Introduce two industrial ethernet switches used in ICS deployments. The GE Multilink ML800 and the Siemens Scalance X200. I will bring these switches to the venue and wire them up. I can bring a few other ICS switches if desired, but I have vulns for these two so far.
Hand out a pcap file of the Multilink ML800 firmware upload. This comprises a mix of HTTPS and FTP traffic. We use TCPtrace to pull out the firmware from the FTP session, and then begin some light firmware analysis. This will involve using strings to learn part of the firmware is compressed inflate. We do some file carving with DD to pull the compressed blob out, and then we extract it by concatenating the GZIP magic bytes on the front. Once we have the firmware we extract some hardcoded RSA Private Keys. One of those keys can be used to decrypt the HTTPS session and recover the switch password and username in the very same pcap file. We discuss key management in ICS devices, and any other vulns from here to now. This key has been reported to GE Energy, but no fix is available yet (exclusive vuln for 44Con). This affects not only this switch but 7/9 in the switch family, and since it is made by Garretcom, it impacts their switches too.

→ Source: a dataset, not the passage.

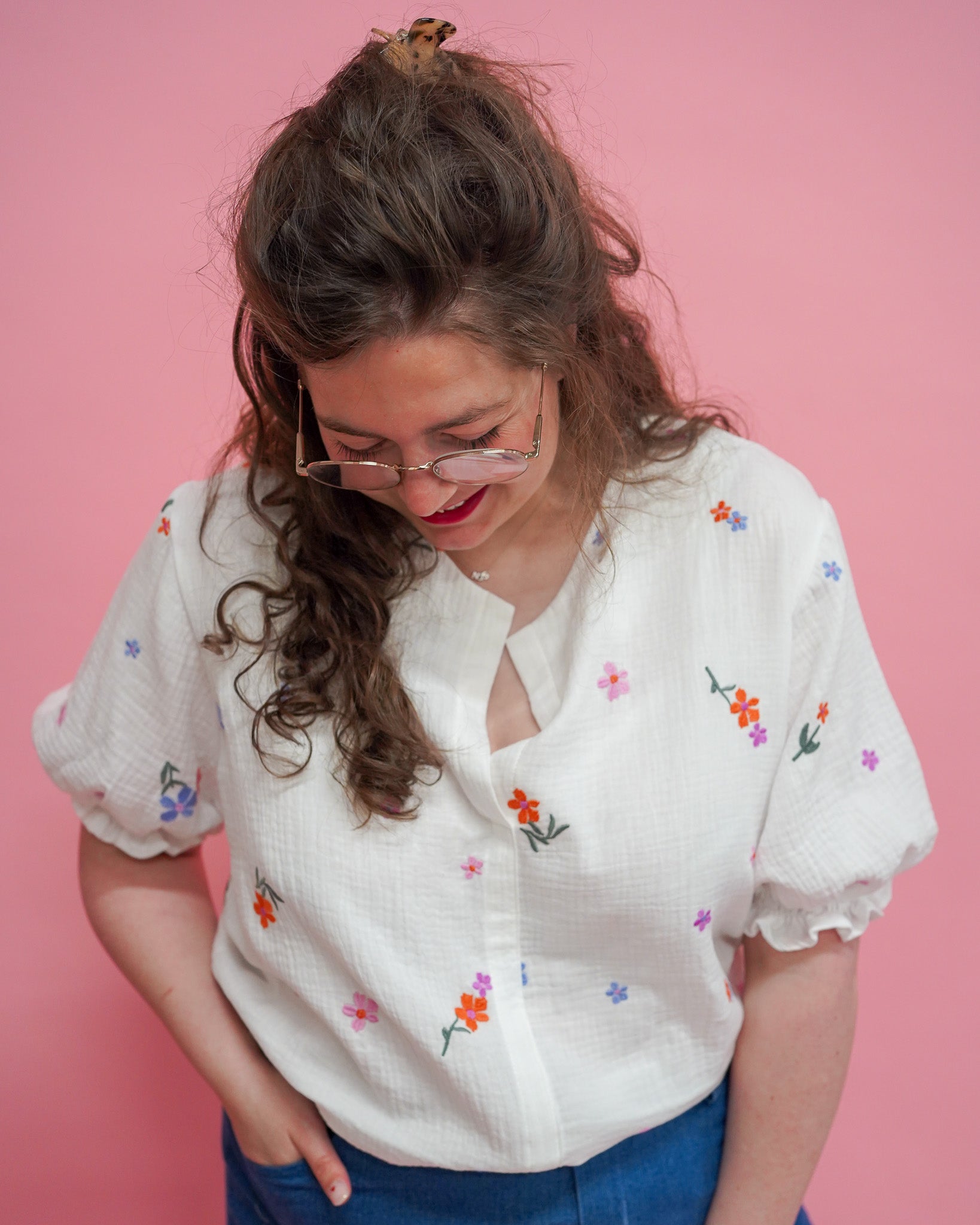 Sophie blouse | geborduurde bloemen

There is a second RSA Private key with a password I have currently been brute-forcing. I expect to have more to say about that by the workshop date. (Exclusive vuln for 44Con)
We present 3 older vulnerabilities in the Siemens Scalance X200 family. Session hijack, bruteforcing of MD5+Nonce, and last but not least: Auth bypass for firmware, configuration, and logfile, upload/download. These vulns are hilariously bad, but show the audience the art of session ID analysis, cracking, and light firmware analysis in embedded/ICS devices. Lastly, while these vulns are old, they will be present in the wild for another 2-5 years because of ICS lifecycles. We finish with a brand new vulnerability on the Siemens newest firmware. A hardcoded private key once again (exclusive vuln for 44con).
We finish with a discussion of key management in industrial ethernet switches, and how MITM is effective in ICS because of poor protocol security. We also explain how MITM is sometimes hindered by the real time constraints of an ICS system.